Assignment —
All of the data below is to be copied exactly.

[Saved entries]
_ _ _ _

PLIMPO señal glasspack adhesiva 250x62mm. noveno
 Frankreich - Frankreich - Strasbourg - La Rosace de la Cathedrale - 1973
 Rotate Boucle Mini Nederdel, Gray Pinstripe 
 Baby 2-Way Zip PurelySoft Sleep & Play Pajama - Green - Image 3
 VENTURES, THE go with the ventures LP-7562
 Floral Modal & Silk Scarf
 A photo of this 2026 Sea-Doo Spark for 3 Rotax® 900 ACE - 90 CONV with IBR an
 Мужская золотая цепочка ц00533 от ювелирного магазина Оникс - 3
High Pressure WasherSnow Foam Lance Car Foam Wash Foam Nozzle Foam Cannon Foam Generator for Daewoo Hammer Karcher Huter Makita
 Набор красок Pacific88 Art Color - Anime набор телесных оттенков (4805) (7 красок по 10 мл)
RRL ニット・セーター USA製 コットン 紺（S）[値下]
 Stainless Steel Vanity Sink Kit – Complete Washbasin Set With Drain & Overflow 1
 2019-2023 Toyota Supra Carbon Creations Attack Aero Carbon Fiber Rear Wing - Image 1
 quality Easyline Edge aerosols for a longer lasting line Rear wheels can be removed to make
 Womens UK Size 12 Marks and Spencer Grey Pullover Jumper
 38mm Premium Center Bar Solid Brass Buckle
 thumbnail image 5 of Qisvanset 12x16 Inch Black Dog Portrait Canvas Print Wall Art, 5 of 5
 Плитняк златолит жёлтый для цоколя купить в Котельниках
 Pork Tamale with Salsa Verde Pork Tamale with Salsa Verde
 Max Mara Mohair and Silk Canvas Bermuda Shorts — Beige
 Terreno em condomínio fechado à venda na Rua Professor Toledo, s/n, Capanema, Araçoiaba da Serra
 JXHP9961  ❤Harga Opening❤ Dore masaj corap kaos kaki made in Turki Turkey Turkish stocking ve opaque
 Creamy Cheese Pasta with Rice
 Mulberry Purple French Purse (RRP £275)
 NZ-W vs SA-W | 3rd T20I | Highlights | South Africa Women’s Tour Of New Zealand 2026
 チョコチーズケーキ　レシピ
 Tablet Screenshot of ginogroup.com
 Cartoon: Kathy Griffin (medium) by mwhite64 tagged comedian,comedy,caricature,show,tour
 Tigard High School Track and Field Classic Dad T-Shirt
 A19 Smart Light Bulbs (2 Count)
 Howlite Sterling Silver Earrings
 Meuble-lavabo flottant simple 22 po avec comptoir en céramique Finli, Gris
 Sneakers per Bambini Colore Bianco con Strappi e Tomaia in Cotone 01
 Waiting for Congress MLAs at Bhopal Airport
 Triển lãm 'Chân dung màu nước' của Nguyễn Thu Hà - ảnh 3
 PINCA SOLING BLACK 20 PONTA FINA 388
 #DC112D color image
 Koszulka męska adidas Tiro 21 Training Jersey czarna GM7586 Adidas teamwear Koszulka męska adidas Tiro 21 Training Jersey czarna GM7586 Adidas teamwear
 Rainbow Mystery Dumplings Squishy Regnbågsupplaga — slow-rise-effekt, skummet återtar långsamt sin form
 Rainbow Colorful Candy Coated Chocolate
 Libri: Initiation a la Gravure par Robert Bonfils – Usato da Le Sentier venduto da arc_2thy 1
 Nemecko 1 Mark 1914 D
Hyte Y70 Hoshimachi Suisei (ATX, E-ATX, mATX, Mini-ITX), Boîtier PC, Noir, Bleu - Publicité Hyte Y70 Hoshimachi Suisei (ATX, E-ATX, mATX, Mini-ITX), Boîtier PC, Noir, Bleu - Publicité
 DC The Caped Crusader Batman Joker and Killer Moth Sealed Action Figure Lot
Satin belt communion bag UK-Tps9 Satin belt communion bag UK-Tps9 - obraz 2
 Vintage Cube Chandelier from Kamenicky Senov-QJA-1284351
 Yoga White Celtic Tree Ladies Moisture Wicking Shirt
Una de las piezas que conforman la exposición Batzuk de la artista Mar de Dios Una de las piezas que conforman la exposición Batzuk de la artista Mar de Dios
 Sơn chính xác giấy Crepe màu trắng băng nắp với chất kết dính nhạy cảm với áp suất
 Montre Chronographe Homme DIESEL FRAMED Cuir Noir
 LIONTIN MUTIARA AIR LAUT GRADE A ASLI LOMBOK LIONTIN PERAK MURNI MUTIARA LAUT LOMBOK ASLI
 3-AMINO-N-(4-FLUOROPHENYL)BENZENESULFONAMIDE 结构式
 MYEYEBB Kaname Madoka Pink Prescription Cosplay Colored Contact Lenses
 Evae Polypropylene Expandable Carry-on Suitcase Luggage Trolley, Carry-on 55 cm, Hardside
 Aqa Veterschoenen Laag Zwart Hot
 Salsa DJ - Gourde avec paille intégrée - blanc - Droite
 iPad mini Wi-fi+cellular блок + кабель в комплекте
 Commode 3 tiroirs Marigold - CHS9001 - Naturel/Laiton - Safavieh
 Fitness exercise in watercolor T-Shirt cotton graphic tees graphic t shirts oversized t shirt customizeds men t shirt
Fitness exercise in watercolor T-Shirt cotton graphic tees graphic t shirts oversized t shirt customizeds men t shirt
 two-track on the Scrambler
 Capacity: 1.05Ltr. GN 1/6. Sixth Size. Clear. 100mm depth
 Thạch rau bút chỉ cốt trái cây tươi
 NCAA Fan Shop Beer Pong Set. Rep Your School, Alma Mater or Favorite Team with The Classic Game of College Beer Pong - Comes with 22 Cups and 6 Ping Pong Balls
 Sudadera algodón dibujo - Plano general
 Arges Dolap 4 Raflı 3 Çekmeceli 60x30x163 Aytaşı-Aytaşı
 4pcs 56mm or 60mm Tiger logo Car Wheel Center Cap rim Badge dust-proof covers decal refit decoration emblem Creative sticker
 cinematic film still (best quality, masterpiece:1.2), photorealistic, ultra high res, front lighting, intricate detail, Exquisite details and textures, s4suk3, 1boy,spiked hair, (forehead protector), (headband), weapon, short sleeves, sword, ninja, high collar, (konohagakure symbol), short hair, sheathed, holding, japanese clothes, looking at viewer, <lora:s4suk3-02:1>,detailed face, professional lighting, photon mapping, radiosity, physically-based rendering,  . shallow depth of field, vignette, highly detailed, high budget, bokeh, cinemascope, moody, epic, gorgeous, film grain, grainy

_ _ _ _

Written reply —
PLIMPO señal glasspack adhesiva 250x62mm. noveno
 Frankreich - Frankreich - Strasbourg - La Rosace de la Cathedrale - 1973
 Rotate Boucle Mini Nederdel, Gray Pinstripe 
 Baby 2-Way Zip PurelySoft Sleep & Play Pajama - Green - Image 3
 VENTURES, THE go with the ventures LP-7562
 Floral Modal & Silk Scarf
 A photo of this 2026 Sea-Doo Spark for 3 Rotax® 900 ACE - 90 CONV with IBR an
 Мужская золотая цепочка ц00533 от ювелирного магазина Оникс - 3
High Pressure WasherSnow Foam Lance Car Foam Wash Foam Nozzle Foam Cannon Foam Generator for Daewoo Hammer Karcher Huter Makita
 Набор красок Pacific88 Art Color - Anime набор телесных оттенков (4805) (7 красок по 10 мл)
RRL ニット・セーター USA製 コットン 紺（S）[値下]
 Stainless Steel Vanity Sink Kit – Complete Washbasin Set With Drain & Overflow 1
 2019-2023 Toyota Supra Carbon Creations Attack Aero Carbon Fiber Rear Wing - Image 1
 quality Easyline Edge aerosols for a longer lasting line Rear wheels can be removed to make
 Womens UK Size 12 Marks and Spencer Grey Pullover Jumper
 38mm Premium Center Bar Solid Brass Buckle
 thumbnail image 5 of Qisvanset 12x16 Inch Black Dog Portrait Canvas Print Wall Art, 5 of 5
 Плитняк златолит жёлтый для цоколя купить в Котельниках
 Pork Tamale with Salsa Verde Pork Tamale with Salsa Verde
 Max Mara Mohair and Silk Canvas Bermuda Shorts — Beige
 Terreno em condomínio fechado à venda na Rua Professor Toledo, s/n, Capanema, Araçoiaba da Serra
 JXHP9961  ❤Harga Opening❤ Dore masaj corap kaos kaki made in Turki Turkey Turkish stocking ve opaque
 Creamy Cheese Pasta with Rice
 Mulberry Purple French Purse (RRP £275)
 NZ-W vs SA-W | 3rd T20I | Highlights | South Africa Women’s Tour Of New Zealand 2026
 チョコチーズケーキ　レシピ
 Tablet Screenshot of ginogroup.com
 Cartoon: Kathy Griffin (medium) by mwhite64 tagged comedian,comedy,caricature,show,tour
 Tigard High School Track and Field Classic Dad T-Shirt
 A19 Smart Light Bulbs (2 Count)
 Howlite Sterling Silver Earrings
 Meuble-lavabo flottant simple 22 po avec comptoir en céramique Finli, Gris
 Sneakers per Bambini Colore Bianco con Strappi e Tomaia in Cotone 01
 Waiting for Congress MLAs at Bhopal Airport
 Triển lãm 'Chân dung màu nước' của Nguyễn Thu Hà - ảnh 3
 PINCA SOLING BLACK 20 PONTA FINA 388
 #DC112D color image
 Koszulka męska adidas Tiro 21 Training Jersey czarna GM7586 Adidas teamwear Koszulka męska adidas Tiro 21 Training Jersey czarna GM7586 Adidas teamwear
 Rainbow Mystery Dumplings Squishy Regnbågsupplaga — slow-rise-effekt, skummet återtar långsamt sin form
 Rainbow Colorful Candy Coated Chocolate
 Libri: Initiation a la Gravure par Robert Bonfils – Usato da Le Sentier venduto da arc_2thy 1
 Nemecko 1 Mark 1914 D
Hyte Y70 Hoshimachi Suisei (ATX, E-ATX, mATX, Mini-ITX), Boîtier PC, Noir, Bleu - Publicité Hyte Y70 Hoshimachi Suisei (ATX, E-ATX, mATX, Mini-ITX), Boîtier PC, Noir, Bleu - Publicité
 DC The Caped Crusader Batman Joker and Killer Moth Sealed Action Figure Lot
Satin belt communion bag UK-Tps9 Satin belt communion bag UK-Tps9 - obraz 2
 Vintage Cube Chandelier from Kamenicky Senov-QJA-1284351
 Yoga White Celtic Tree Ladies Moisture Wicking Shirt
Una de las piezas que conforman la exposición Batzuk de la artista Mar de Dios Una de las piezas que conforman la exposición Batzuk de la artista Mar de Dios
 Sơn chính xác giấy Crepe màu trắng băng nắp với chất kết dính nhạy cảm với áp suất
 Montre Chronographe Homme DIESEL FRAMED Cuir Noir
 LIONTIN MUTIARA AIR LAUT GRADE A ASLI LOMBOK LIONTIN PERAK MURNI MUTIARA LAUT LOMBOK ASLI
 3-AMINO-N-(4-FLUOROPHENYL)BENZENESULFONAMIDE 结构式
 MYEYEBB Kaname Madoka Pink Prescription Cosplay Colored Contact Lenses
 Evae Polypropylene Expandable Carry-on Suitcase Luggage Trolley, Carry-on 55 cm, Hardside
 Aqa Veterschoenen Laag Zwart Hot
 Salsa DJ - Gourde avec paille intégrée - blanc - Droite
 iPad mini Wi-fi+cellular блок + кабель в комплекте
 Commode 3 tiroirs Marigold - CHS9001 - Naturel/Laiton - Safavieh
 Fitness exercise in watercolor T-Shirt cotton graphic tees graphic t shirts oversized t shirt customizeds men t shirt
Fitness exercise in watercolor T-Shirt cotton graphic tees graphic t shirts oversized t shirt customizeds men t shirt
 two-track on the Scrambler
 Capacity: 1.05Ltr. GN 1/6. Sixth Size. Clear. 100mm depth
 Thạch rau bút chỉ cốt trái cây tươi
 NCAA Fan Shop Beer Pong Set. Rep Your School, Alma Mater or Favorite Team with The Classic Game of College Beer Pong - Comes with 22 Cups and 6 Ping Pong Balls
 Sudadera algodón dibujo - Plano general
 Arges Dolap 4 Raflı 3 Çekmeceli 60x30x163 Aytaşı-Aytaşı
 4pcs 56mm or 60mm Tiger logo Car Wheel Center Cap rim Badge dust-proof covers decal refit decoration emblem Creative sticker
 cinematic film still (best quality, masterpiece:1.2), photorealistic, ultra high res, front lighting, intricate detail, Exquisite details and textures, s4suk3, 1boy,spiked hair, (forehead protector), (headband), weapon, short sleeves, sword, ninja, high collar, (konohagakure symbol), short hair, sheathed, holding, japanese clothes, looking at viewer, <lora:s4suk3-02:1>,detailed face, professional lighting, photon mapping, radiosity, physically-based rendering,  . shallow depth of field, vignette, highly detailed, high budget, bokeh, cinemascope, moody, epic, gorgeous, film grain, grainy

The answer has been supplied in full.